In a journal entry from 2015 I found the following.
I received an email from Brian:
A question please. Apologies for being personal. What has kept you going when you were at the brink of failure or defeat? You seem to have persevered when many others backed away or threw in the towel. How? Pride, courageous heart, stubborn personality? Have your thoughts on the matter changed with years and experience.
I find it an interesting question. Not why do I sail, but why do I persevere.
I’ve been thinking about it intermittently ever since and regret that I haven’t come up with a good answer, so I’m just going to write and let my thoughts flow.
One reason I persevered is because I could.
I believe it is quantifiable that I have an exceptional body. It bailed seven tons of water from EGREGIOUS for months; lived on six sips of water and half a can of tuna fish a day for two weeks after CHIDIOCK TICHBORNE pitch-poled and, despite losing more than 20% of its weight, rowed the last several miles and through breaking surf to reach land; swam for twenty-six hours after I sank RESURGAM.
And not exceptional just when it was young.
Those ordeals occurred in my thirties, forties and fifties.
In my sixties it sailed around the world a couple of times and survived three or four more Force 12 storms.
In my seventies it sailed GANNET across the Pacific, physically demanding because of exposure and quick motion. And, time and chance permitting, it will sail GANNET even farther next year.
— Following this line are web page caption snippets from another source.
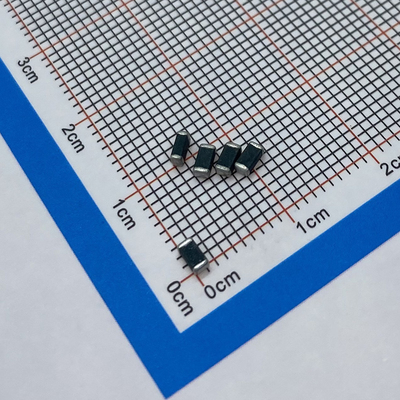 Resistor dependiente del voltaje del varistor de los MOVIMIENTOS del microprocesador para la protección contra sobrecargas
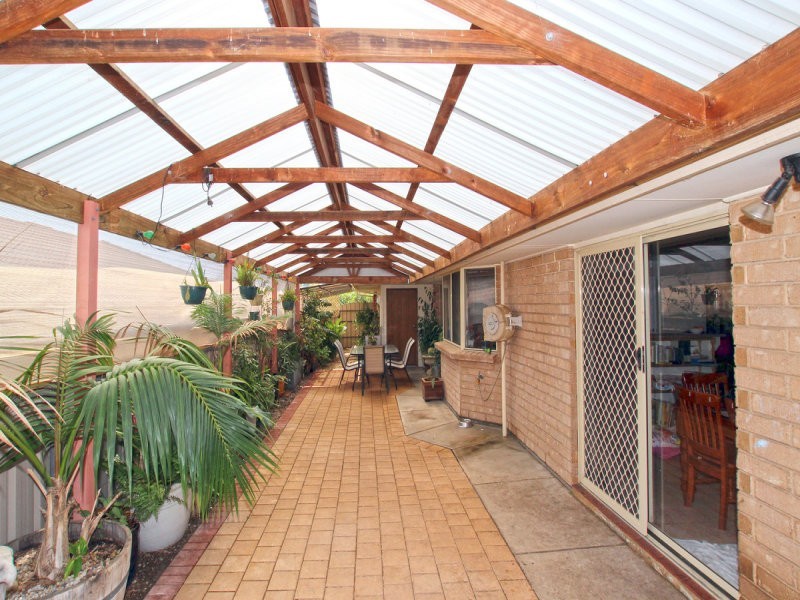 51 Talladira Way, Woodcroft SA 5162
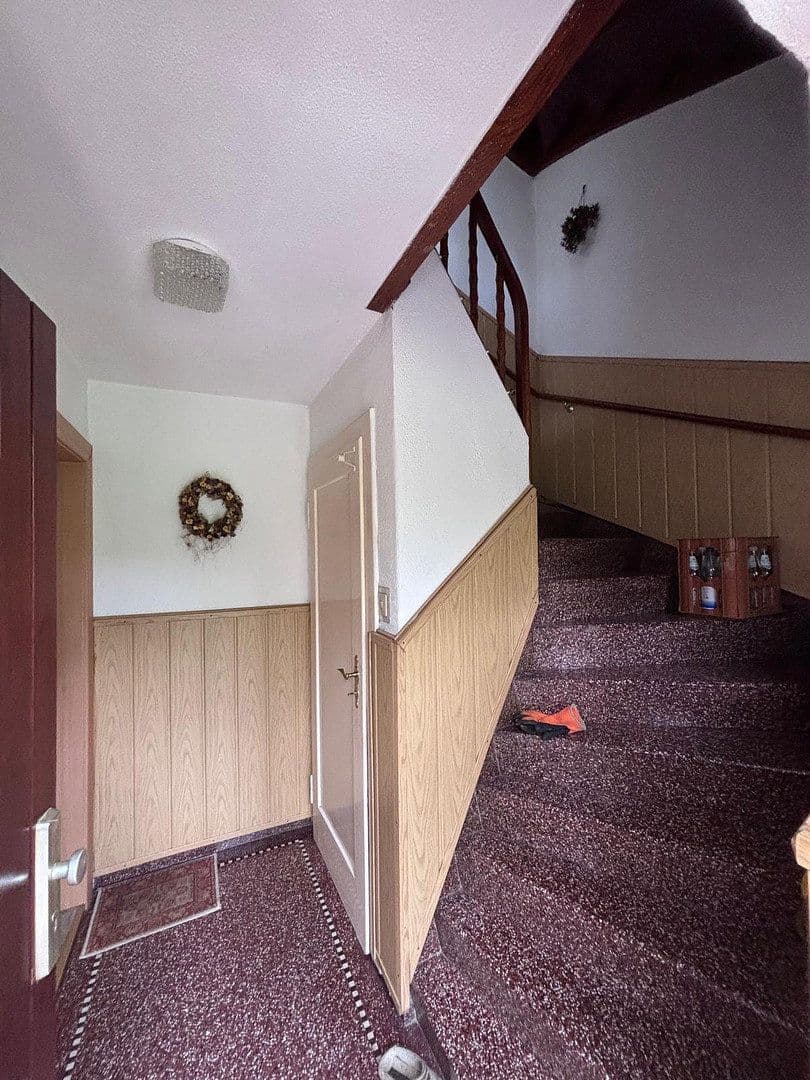 Predaj domu 100 m², pozemek 1.400 m², Braunsdorfer Straße 28, Freital, Sasko Predaj domu 100 m², pozemek 1.400 m², Braunsdorfer Straße 28, Freital, Sasko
I take no credit for that body, other than that I have taken pretty good care of it.
Not only can it go the distance, it recovers relatively quickly.
So I persevered because I could when perhaps others couldn’t.
I also persevered because I put myself in situations where I had no choice but to persist or die. That I carried no means to call for help was deliberate.
That I am alive today is due to something else beyond my control. We all have an animal inside us who does not want to die. My animal is strong and has kept me going, particularly during the long swim, far beyond what I would have believed were my limits.
I have persevered partially because of ego.
We all like to believe we are special. As I have written elsewhere, I like to quantify things. I come from nothing and no where. I had no encouraging parents. No mentor. I was a solitary child who created himself. No one believed in me but me. And that was not enough.
I read biographies of great men as how-to manuals. (Today you could probably write a best seller, GREATNESS FOR DUMMIES.) I thought I was capable of living as they had lived. And so I set out to write and sail and love. Not to have persevered would have been to fail to live up to my image of myself, to have been ordinary, and that was unthinkable.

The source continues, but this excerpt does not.